Among various machine-learning algorithms used to make classification models, three tree-based algorithms, namely, DT, RFs, and GBT, provided the best results in terms of classification accuracy. It was consistent with our expectations since tree-based algorithms are particularly more powerful than algorithms such as artificial neural networks (ANN) or support vector machine (SVM) when there are several categorical independent variables involved. Table 2 presents the accuracy statistics of the models on the validation data, using training data sets resulted from oversampling, undersampling, and the combinatory approach. For each model and using each training data set, the table demonstrates sensitivity (true positive rate), specificity (true negative rate), F-measure, overall accuracy, and the area under the receiver operating characteristic (AUROC) curve.

Table 2.

Accuracy measures of the classification models.

Model type	Measure type	DT (%)	RF (%)	GBT (%)
Oversampling	Sensitivity	52.90	37.20	79.80
	Specificity	77.90	88.90	70.10
	F-measure	12.10	12.40	13.40
	Accuracy	73.70	87.60	79.80
	AUROC curve	0.777	0.789	0.823
Undersampling	Sensitivity	54.90	76.90	74.90
	Specificity	75.10	71.30	73.80
	F-measure	13.30	12.40	11.50
	Accuracy	73.90	77.20	74.20
	AUROC curve	0.778	0.814	0.814
Under + oversampling	Sensitivity	55.80	78.90	74.90
	Specificity	76.40	64.70	75.40
	F-measure	48.30	55.80	59.30
	Accuracy	71.20	73.10	75.30
	AUROC curve	0.793	0.804	0.829

DT: decision tree; RF: random forest; GBT: gradient boosted tree; AUROC: area under the receiver operating characteristic.

As shown in Table 2, RF and GBT, the two ensemble classification algorithms, provided generally more accurate results than the simple DT model, with GBT providing the best results with regard to all the three training data sets.

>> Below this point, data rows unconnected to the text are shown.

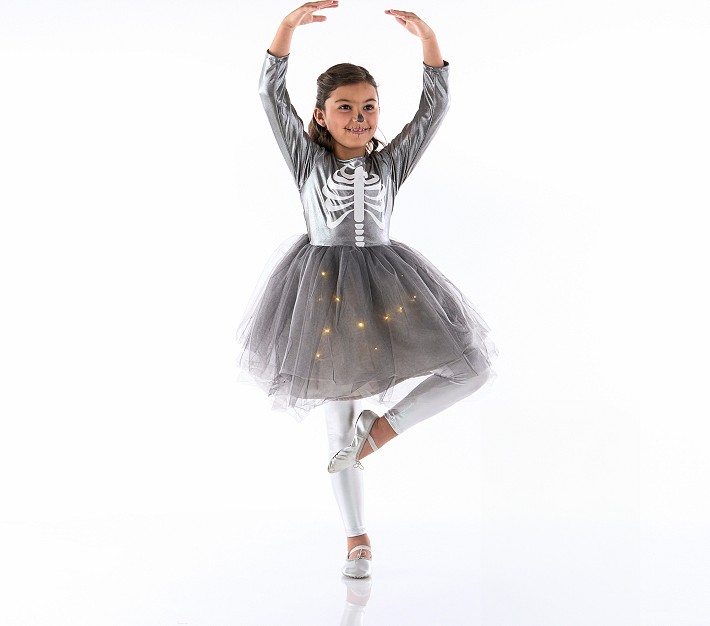 Light-Up Skeleton Tutu Costume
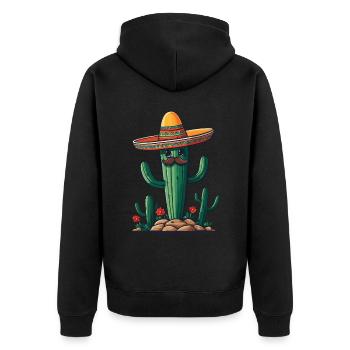 Cactus Fiesta Cactus avec Sombrero Funny Design - Veste à capuche bio Premium Unisexe - noir - Dos - Nico (187cm)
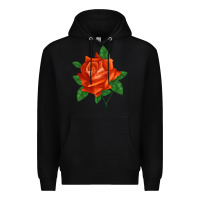 Black tropicana rose Premium Hoodie - LillyAllenDesigns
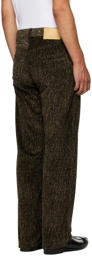 Sunflower Brown Loose Trousers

In addition, looking into the results of the three GBT models (i.e. the last column of Table 2), it looks like the training data set involving the combinatory balancing approach (bold values in Table 2) provided better results than both undersampling and oversampling approaches. Particularly, the model trained using the combinatory approach balanced data set clearly outperforms the other two models in terms of both F-measure and AUROC, whereas it performs almost as equally well as the other two models in terms of sensitivity, specificity, and overall accuracy. The F-measure statistics represents a weighted harmonic mean of sensitivity and specificity of the model. It is particularly crucial in testing models using unbalanced data sets, especially where one class is more important than the other. In this case, since correctly predicting a refractory epilepsy case is more important to us than correctly labeling a case as non-refractory, the classifier with a higher F-measure is preferred. Also, the higher AUROC for this model suggests its relatively higher power in distinguishing between refractory and non-refractory epilepsy cases in comparison with the other alternatives.

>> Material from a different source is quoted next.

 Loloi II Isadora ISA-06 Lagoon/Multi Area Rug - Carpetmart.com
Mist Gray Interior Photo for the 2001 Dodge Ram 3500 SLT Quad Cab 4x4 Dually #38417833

According to the results, this best model correctly predicted the existence of refractory epilepsy in 74.9 percent of patients who actually had that type of epilepsy. It suggests that given historical information about patients’ comorbidities as well as their demographic information and the initial diagnosis of the physician, our best model was able to predict 181 out of 242 actual refractory epilepsy cases that could take 2–5 years, on average, to be diagnosed after multiple trial and errors.

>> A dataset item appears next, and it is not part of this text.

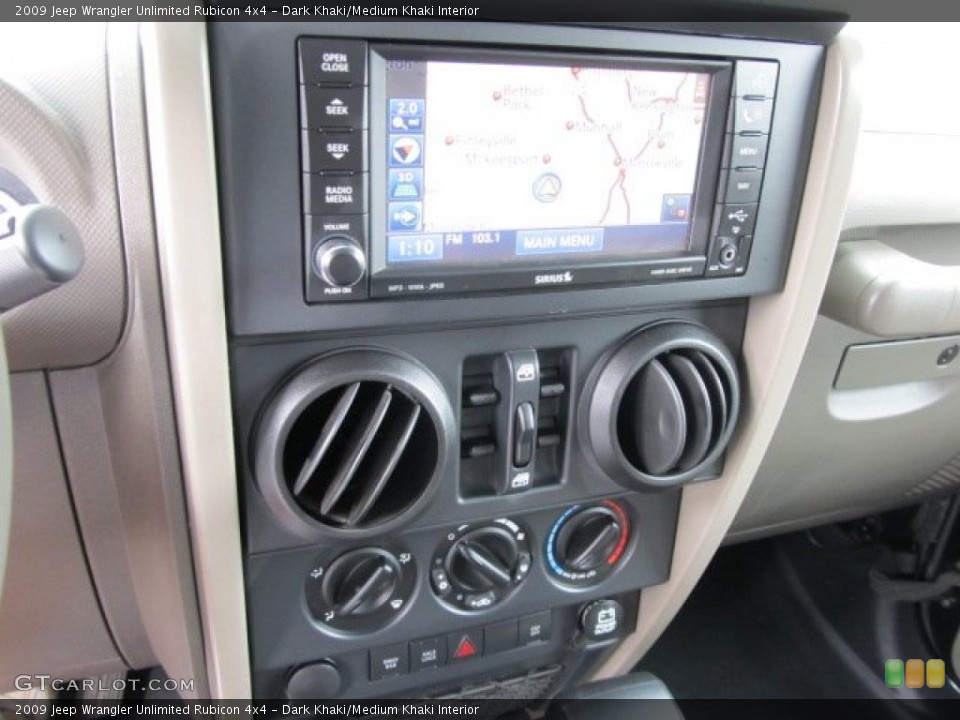 Dark Khaki/Medium Khaki Interior Controls for the 2009 Jeep Wrangler Unlimited Rubicon 4x4 #53513659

We further compared the model predictions against the initial physicians’ diagnosis as well as the actual type of epilepsy in the patients. Interestingly, it was revealed that with regard to 148 patients who actually developed refractory epilepsy (ICD-9: 345.91), while the initial diagnosis of the physician was other types of epilepsy, our model correctly predicted that those patients are resistant to AED treatment. In addition, in the case of 14 patients for whom the initial diagnosis of the physician was refractory epilepsy, our model correctly classified them as patients with non-refractory epilepsy. There was only one patient for whom the initial diagnosis of the physician was correctly refractory epilepsy, whereas our model incorrectly labeled him or her with a non-refractory type of the disorder. In addition, the initial refractory diagnoses of physicians were correct in only 23 out of 242 actual cases (i.e. 9.5%), compared to 181 (i.e. 74.9%) by our classification model. Overall, these results suggest the superior performance of our classification model in making initial diagnoses compared to the physicians.

Having the superior classification model identified, we further investigated how each of the predictors contributed to the model sensitivity. To this end, we dropped predictor variables one at a time from our data and ran the best classification model with the same settings. Each time we recorded the model’s sensitivity (i.e. model’s ability to correctly classify actual refractory epilepsy cases) to be compared to that of the original model. In each iteration, we calculated the difference between the original model sensitivity and the sensitivity resulted from dropping each corresponding variable. The max–min normalized sensitivity difference values were used as a measure of variables’ relative importance as depicted in Figure 3. As shown in this chart, comorbidity count as a measure of overall wellness turned out to be the most important variable in correctly predicting refractory epilepsy, followed by drug abuse, hypertension, and hyperlipidemia disorders.

Figure 3.

Relative importance of the predictor variables.

Interestingly, the chart indicates that the variable FIRST_EP_DIAG representing the initial physician diagnosis is the second least important predictor in determining the type of epilepsy. In fact, the results provide support for the idea that physicians’ knowledge for understanding the causes and diagnosing the drug resistance of epilepsy cases is yet far from perfection and relies on trial and errors.

Discussion

Using historical medical records of more than 34,000 unique patients with epilepsy, this study provides a machine-learning model to identify patients with the refractory type of epilepsy (i.e. patients’ resistant to the medication treatment) before they go through multiple courses of medical trial and error. The proposed model was able to correctly classify 75 percent of patients who actually had developed refractory epilepsy using their comorbidities, demographic information, and the initial diagnoses made by their physicians.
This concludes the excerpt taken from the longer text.